ソフトバンク(9434)の2020年3月期決算が5月11日に発表されました。
損益の概要
まず損益の概要ですが、売上高は前期比+4.4%、親会社の所有者に帰属する当期利益は前期比2.3%と増収増益でした。なお、比較対象の前期の数字はZホールディングス取得に伴って遡及修正されています。
出典:当社決算短信
直近に発表されていた業績予想が売上高4,820,000百万円、親会社の所有者に帰属する当期利益が480,000百万円でしたので、当期利益はわずかに未達に終わっています。

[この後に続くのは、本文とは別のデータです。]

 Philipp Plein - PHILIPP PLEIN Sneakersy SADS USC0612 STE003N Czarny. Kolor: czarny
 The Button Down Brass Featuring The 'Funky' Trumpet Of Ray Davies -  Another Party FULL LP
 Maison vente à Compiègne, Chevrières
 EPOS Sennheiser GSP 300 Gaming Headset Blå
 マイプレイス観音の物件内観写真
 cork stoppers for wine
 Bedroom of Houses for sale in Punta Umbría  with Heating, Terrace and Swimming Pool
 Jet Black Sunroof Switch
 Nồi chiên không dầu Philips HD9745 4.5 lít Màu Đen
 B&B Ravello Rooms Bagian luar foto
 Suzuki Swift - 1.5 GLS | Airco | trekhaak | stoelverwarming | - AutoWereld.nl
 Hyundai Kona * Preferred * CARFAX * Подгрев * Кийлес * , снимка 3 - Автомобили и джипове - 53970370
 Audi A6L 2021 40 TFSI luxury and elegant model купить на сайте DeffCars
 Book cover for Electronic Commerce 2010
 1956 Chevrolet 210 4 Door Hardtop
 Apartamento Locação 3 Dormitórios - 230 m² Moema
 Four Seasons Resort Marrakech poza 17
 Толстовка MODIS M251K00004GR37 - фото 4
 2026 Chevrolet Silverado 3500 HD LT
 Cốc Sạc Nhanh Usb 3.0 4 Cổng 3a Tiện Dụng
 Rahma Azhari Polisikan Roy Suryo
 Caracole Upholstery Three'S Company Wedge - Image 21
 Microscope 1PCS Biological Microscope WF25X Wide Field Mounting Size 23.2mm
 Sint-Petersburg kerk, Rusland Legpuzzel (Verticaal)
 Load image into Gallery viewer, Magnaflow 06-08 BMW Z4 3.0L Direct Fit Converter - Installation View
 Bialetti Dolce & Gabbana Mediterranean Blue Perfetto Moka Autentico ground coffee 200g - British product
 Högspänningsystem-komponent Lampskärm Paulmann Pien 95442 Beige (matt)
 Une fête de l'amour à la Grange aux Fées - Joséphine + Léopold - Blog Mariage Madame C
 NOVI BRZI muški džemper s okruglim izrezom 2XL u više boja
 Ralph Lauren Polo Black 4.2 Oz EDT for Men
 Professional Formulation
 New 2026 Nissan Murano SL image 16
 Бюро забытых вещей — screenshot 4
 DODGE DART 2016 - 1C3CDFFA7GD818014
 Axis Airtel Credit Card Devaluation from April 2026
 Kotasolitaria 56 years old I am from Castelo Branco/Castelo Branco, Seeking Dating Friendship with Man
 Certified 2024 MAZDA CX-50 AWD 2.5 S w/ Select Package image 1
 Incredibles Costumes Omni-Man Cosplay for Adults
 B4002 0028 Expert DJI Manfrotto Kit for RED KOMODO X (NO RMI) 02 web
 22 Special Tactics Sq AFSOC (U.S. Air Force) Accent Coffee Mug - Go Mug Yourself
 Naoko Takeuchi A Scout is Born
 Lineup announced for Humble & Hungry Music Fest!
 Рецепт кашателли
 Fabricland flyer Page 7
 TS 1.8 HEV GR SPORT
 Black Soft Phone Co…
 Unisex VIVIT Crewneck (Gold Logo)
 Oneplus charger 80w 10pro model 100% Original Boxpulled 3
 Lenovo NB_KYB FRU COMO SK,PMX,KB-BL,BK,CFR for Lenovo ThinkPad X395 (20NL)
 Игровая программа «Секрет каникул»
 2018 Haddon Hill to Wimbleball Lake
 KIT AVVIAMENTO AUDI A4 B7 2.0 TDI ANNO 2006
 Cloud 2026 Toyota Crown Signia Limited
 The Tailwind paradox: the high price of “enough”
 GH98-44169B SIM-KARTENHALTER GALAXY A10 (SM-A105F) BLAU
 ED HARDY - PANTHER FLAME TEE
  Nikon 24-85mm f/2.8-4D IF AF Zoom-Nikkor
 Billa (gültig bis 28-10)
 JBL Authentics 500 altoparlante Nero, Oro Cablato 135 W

また、2021年3月期の連結業績予想は、売上高が当期比+0.8%、親会社の所有者に帰属する当期利益は当期比+2.5%と僅かですが増収増益を予想しています。なお、この数字にはZホールディングスとLINEの経営統合の影響は反映されていませんが、新型コロナの影響は4月時点で想定しうる業績への影響は織り込まれています。
出典:当社決算短信
2.配当の状況
2020年3月期の年間配当金は85円で配当性向は85.6%でした。2021年3月期は1円増配の86円で配当性向は84.5%を予想しています。
出典:当社決算短信
当社は配当方針について、配当性向85%程度とした上で、機種に予想配当を開示し、業績変動に関わらず着実に実行すると宣言しています。
配当性向を基準に予想配当金を設定する場合、減益となると利益に連動して減配となるリスクはありますが、通信事業は比較的安定していると思いますし、成長性も期待できますので、減配リスクは低いと思います。
出典:当社投資家向け説明会プレゼンテーション資料
セグメント別の状況
セグメント売上高及びセグメント利益は、コンシューマ、法人、流通、ヤフーの4つのセグメントのすべてで増収増益となりました。コロナの影響を感じさせないところから通信事業の安定性が感じられます。
出典:当社投資家向け説明会プレゼンテーション資料
株価の状況
株価はコロナの影響で一時1,300円を割るところまで下げましたが、下落率という意味では比較的軽症で、今は緩やかな回復基調にあります。
5月12日の終値は1,455円、予想年間配当金は86円なので、配当利回りは5.91%です。
【6カ月チャート】
むすび
コロナの影響を受けにくい業界だとは思っていましたが、全てのセグメントで増収増益となり、無難な決算だったと思います。2021年3月期の予想も緩やかな増収増益で1円ですが増配ですので、安心して保有できそうです。
5Gの普及や楽天の参入が業界の勢力図にどのような影響を与えていくのか私には想像できませんが、傘下にヤフーとLINEを持つソフトバンクは面白い位置にいるのではないかと思っています。
なお、この記事はあくまで僕の個人的な見解を示したものなので、投資判断はくれぐれも自己責任でお願いします。